1. Clone the Repository

First, clone this repository to your local machine:

git clone https://github.com/oscgf/atenea-scraper.git
cd atena-scraper

2. Install Dependencies

Install the necessary Python dependencies:

pip install -r requirements.txt

3. Configure Environment Variables

For local development, create a .env file in the project root with the following content:

SENDER_EMAIL=your-email@gmail.com
PASSWORD=your-app-password
RECEIVER_EMAIL=recipient-email@gmail.com
  • SENDER_EMAIL: The email address that will send the notifications.
  • PASSWORD: Your Gmail App Password. Instructions for setting up App Passwords.
  • RECEIVER_EMAIL: The email address that will receive job alerts.

4. Running the Scraper Locally

You can run the scraper manually by executing the Python script:

python your_script.py

GitHub Actions Automation

This project is also configured to run automatically using GitHub Actions. The GitHub Actions workflow is located in .github/workflows/scraper.yml.

1. Setup GitHub Secrets

In order to send email notifications using GitHub Actions, you need to configure the following secrets in your GitHub repository:

  1. Go to your GitHub repository.
  2. Click on the Settings tab.
  3. On the left sidebar, go to Secrets and variables > Actions.
  4. Click New repository secret and add the following secrets:
  • SENDER_EMAIL: Your sender email address.
  • PASSWORD: Your email app password.
  • RECEIVER_EMAIL: The email address that will receive notifications.

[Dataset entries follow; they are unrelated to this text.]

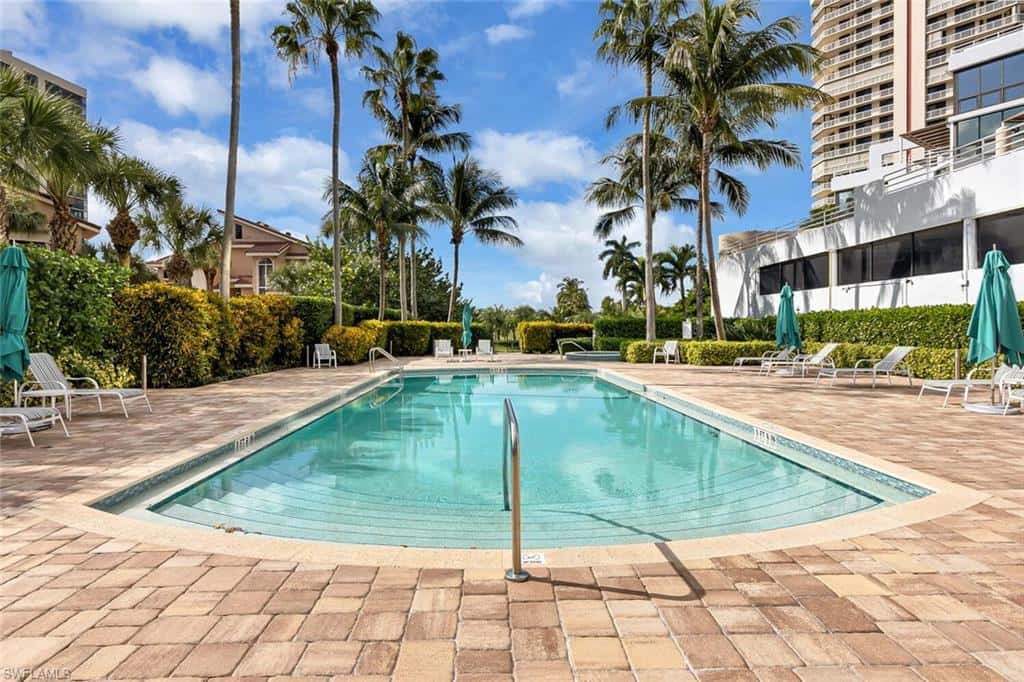 4751 Gulf Shore Blvd #1507, Naples, photo 19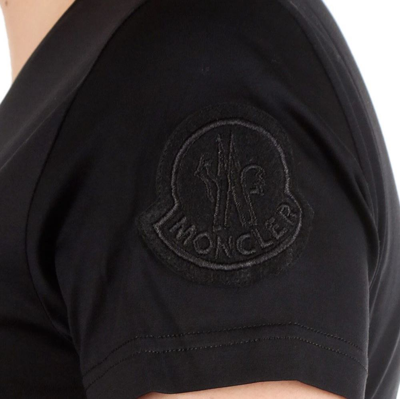Shop Moncler Basic Crewneck Logo T-shirt In Black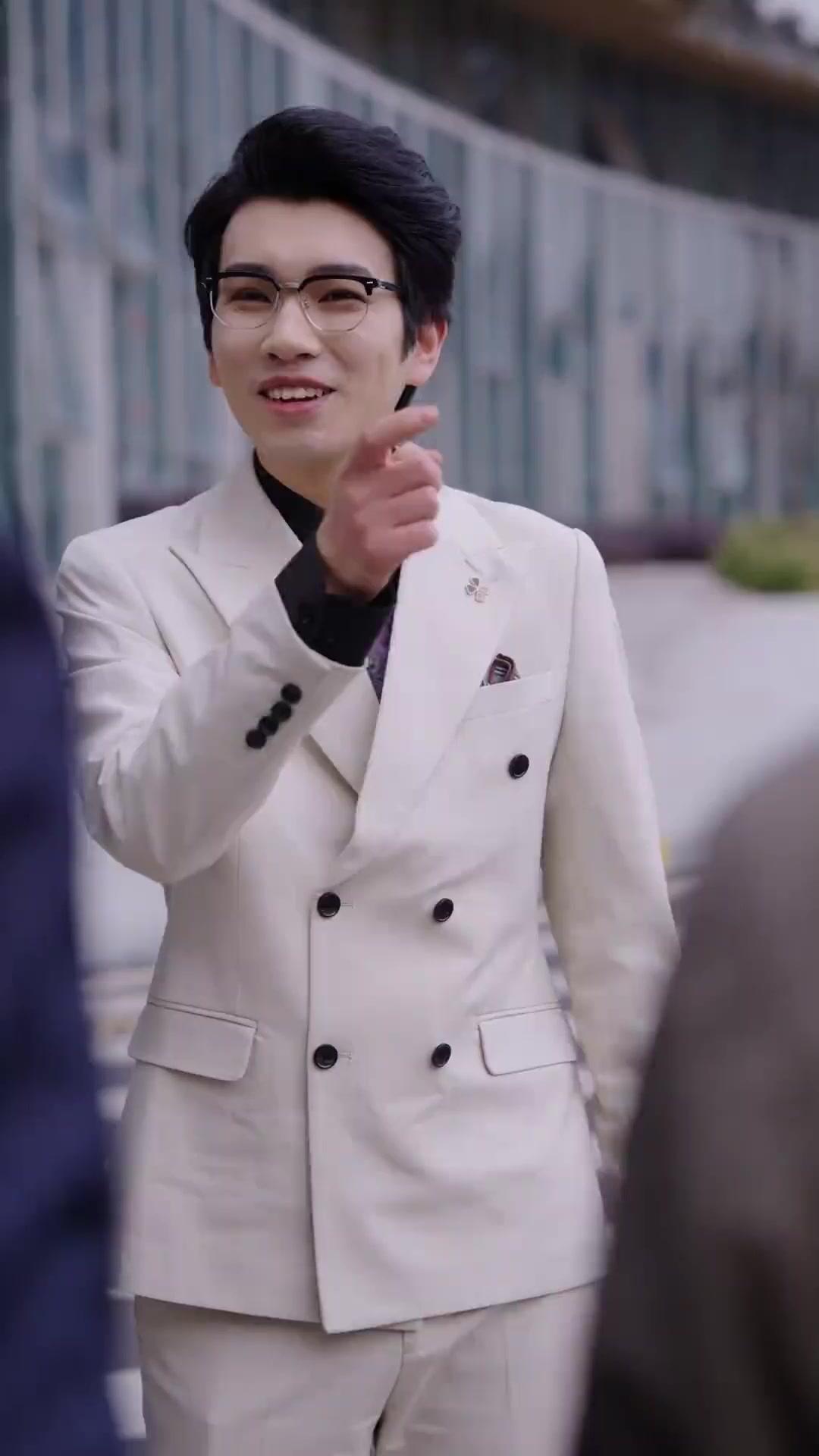 มังกรคืนถิ่น รอวันคำราม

If you want to commit and push automatically the changes when the job offers ara updated, ensure that GITHUB_TOKEN is enabled and has write permissions:

  1. Navigate to Settings > Actions > General.
  2. Scroll down to Workflow permissions.
  3. Ensure “Read and write permissions” is selected for GITHUB_TOKEN.
  4. Also, check “Allow GitHub Actions to create and approve pull requests” if you plan to use that in the future.

2. Running the Workflow Manually

To run the workflow manually (in case you don’t want to wait for the scheduled time):

  1. Go to the Actions tab in your GitHub repository.
  2. Select the Job Alert Email workflow.
  3. Click the Run workflow button on the right side to manually trigger the job.

3. Scheduled Workflow

The scraper is configured to run every day at 9:00 AM UTC. You can change this schedule by modifying the cron expression in .github/workflows/scraper.yml:

on:
  schedule:
    - cron: '0 9 * * *'  # Change this to your preferred schedule

Troubleshooting

Enabling Gmail App Passwords

If you are using a Gmail account to send email notifications, you will need to enable an App Password. This is a security measure by Google to allow third-party apps to send emails securely.

  1. Enable 2-Step Verification for your Gmail account: Google 2-Step Verification.
  2. Generate an App Password: Go to App Passwords, choose “Mail” as the app, and “Other” as the device. Copy the generated password and use it in your .env file or GitHub Secrets.

Debugging Locally

If you encounter any issues while running the scraper locally, make sure:

  • Your email credentials are correct in the .env file.
  • You are not blocking SMTP connections (some networks may block ports).

You can also review logs in GitHub Actions for any issues with the automation process.

Contributions

Feel free to contribute to this project or suggest new features!